In general, KBC is in compliance with the Belgian regulations relating to the organisation and procedures of an Extraordinary General Meeting.
Under ITEM 2.1, the board of directors seeks authorisation to increase the Company's share capital (without pre-emptive rights) up to a maximum nominal value of EUR 291 million. Under the authorisation, the board of directors is entitled to waive shareholders' pre-emptive rights and the authority will remain in effect for 5 years following the date of decision (i.e. until 2023). In aggregate, the authorisation requested is limited to 19.99% of the Company's share capital and thereby substantially exceeds ECGS' guidelines.
ECGS accordingly recommends to vote OPPOSE.
Under ITEM 2.2, the board of directors seeks authorisation to increase the Company's share capital (with pre-emptive rights) up to a maximum nominal value of EUR 409 million. Under the authorisation, the board of directors is NOT entitled to restrict and/or waive shareholders' pre-emptive rights. Requested authority will remain in effect for 5 years following the date of decision (i.e. until 2023). In aggregate, the authorisation requested is limited to 28.10% of the Company's share capital and thereby meets ECGS' guidelines. ECGS recommends to vote FOR. There are no further peculiarities.

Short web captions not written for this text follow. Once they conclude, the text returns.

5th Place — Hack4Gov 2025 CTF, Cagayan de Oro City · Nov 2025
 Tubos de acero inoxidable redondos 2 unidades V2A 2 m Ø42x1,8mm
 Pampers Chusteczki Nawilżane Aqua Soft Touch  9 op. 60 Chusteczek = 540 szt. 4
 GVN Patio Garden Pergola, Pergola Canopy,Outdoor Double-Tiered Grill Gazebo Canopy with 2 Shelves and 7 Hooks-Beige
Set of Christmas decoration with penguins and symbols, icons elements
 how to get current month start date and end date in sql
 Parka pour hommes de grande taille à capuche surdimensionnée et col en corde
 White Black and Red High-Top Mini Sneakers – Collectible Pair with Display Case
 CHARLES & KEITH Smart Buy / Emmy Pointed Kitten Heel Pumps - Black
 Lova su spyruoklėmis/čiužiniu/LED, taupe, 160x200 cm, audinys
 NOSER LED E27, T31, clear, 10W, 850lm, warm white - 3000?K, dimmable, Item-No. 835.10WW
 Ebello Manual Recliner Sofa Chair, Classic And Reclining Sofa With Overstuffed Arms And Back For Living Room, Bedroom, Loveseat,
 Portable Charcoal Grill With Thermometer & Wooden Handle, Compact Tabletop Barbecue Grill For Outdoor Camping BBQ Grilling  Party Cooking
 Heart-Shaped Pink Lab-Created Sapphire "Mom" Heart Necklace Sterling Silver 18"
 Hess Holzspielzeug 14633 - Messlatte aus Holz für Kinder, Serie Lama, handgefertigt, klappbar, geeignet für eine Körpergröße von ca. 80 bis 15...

KBC Group is a bank-insurance group engaged in providing products and services mainly to retail, private banking, SME and mid-cap clients. Co. focuses on its primary markets of Belgium, the Czech Republic, Slovakia, Hungary and Bulgaria. Co. is also present in Ireland and, to a limited extent, in several other countries to support corporate clients from its primary markets. Co.'s main brands are KBC and CBC in Belgium, CSOB in Czech Republic and Slovakia, K&H in Hungary, CIBANK and DZI Insurance in Bulgaria, and KBC Bank Ireland in Ireland. As of Dec 31 2014, Co. had 1,601 bank branches. In addition, Co. had total assets of Euro245.17 billion.